Your doing the best you can. As far as giving her half your pay, that one is worth laughing in her face. Has nothing to with your child. Your girl won't starve at her place. And I am sure if she needs shoes or clothes that you would take her shopping. If your daughter ever asks why you got divorced. You can hold your head up high and tell her it wasn't your choice. Tell your STBXW if she needs money, get a second job and you will be happy to watch your daughter.


----------



## unbelievable (Aug 20, 2010)

Indy, your home is your home. What you described was not a mother visiting her daughter but her coming to engage you in conversation. Visitors come when it's convenient for the host and they leave within a reasonable period or at the request of the host.
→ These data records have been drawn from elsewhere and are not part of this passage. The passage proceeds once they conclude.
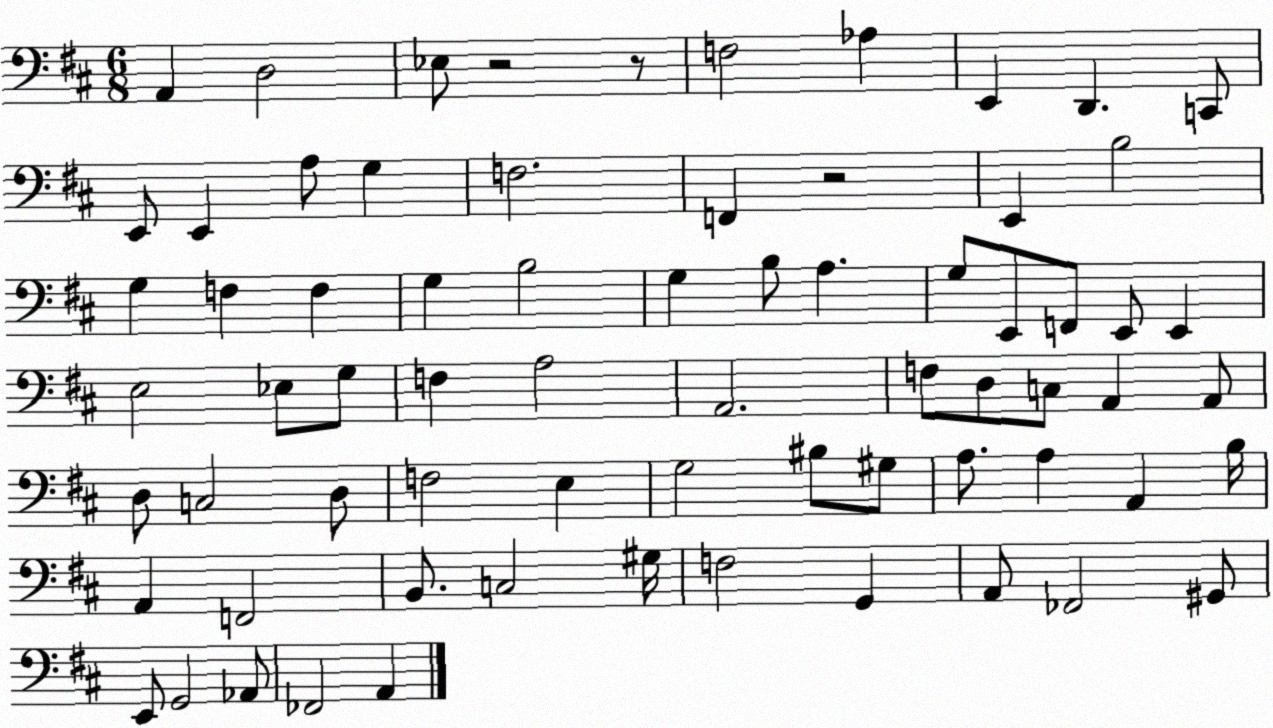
X:1
T:Untitled
M:6/8
L:1/4
K:D
A,, D,2 _E,/2 z2 z/2 F,2 _A, E,, D,, C,,/2 E,,/2 E,, A,/2 G, F,2 F,, z2 E,, B,2 G, F, F, G, B,2 G, B,/2 A, G,/2 E,,/2 F,,/2 E,,/2 E,, E,2 _E,/2 G,/2 F, A,2 A,,2 F,/2 D,/2 C,/2 A,, A,,/2 D,/2 C,2 D,/2 F,2 E, G,2 ^B,/2 ^G,/2 A,/2 A, A,, B,/4 A,, F,,2 B,,/2 C,2 ^G,/4 F,2 G,, A,,/2 _F,,2 ^G,,/2 E,,/2 G,,2 _A,,/2 _F,,2 A,, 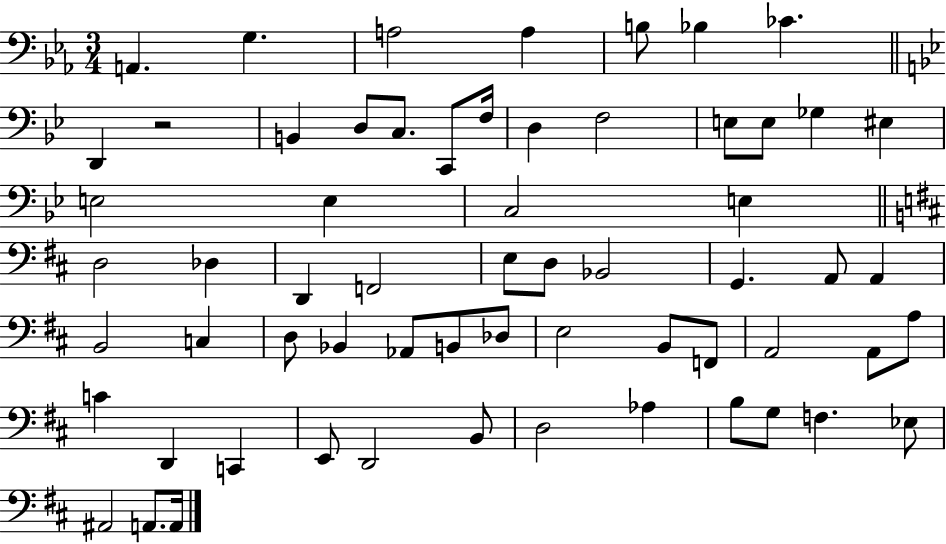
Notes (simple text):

A2/q. G3/q. A3/h A3/q B3/e Bb3/q CES4/q. D2/q R/h B2/q D3/e C3/e. C2/e F3/s D3/q F3/h E3/e E3/e Gb3/q EIS3/q E3/h E3/q C3/h E3/q D3/h Db3/q D2/q F2/h E3/e D3/e Bb2/h G2/q. A2/e A2/q B2/h C3/q D3/e Bb2/q Ab2/e B2/e Db3/e E3/h B2/e F2/e A2/h A2/e A3/e C4/q D2/q C2/q E2/e D2/h B2/e D3/h Ab3/q B3/e G3/e F3/q. Eb3/e A#2/h A2/e. A2/s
Normal people will promptly depart when asked to do so. Others (even ex-wives or mothers of our children) can be helped to the door by whatever means of encouragement they require. You are not a prisoner or a hostage in your own home. Physically throwing her out on her buttocks is very much an option and you may find the experience quite therapeutic. She would certainly derive tremendous educational benefit from such a flight. The same God who designed her derrier also designed your foot and created gravity. His purpose in this matter is clear.


----------



## Indy Nial (Sep 26, 2010)

OK, I've had a brain wave. What if I send the OM a text and copy my wife in on it? Madness or genius?

Was thinking something along the lines of...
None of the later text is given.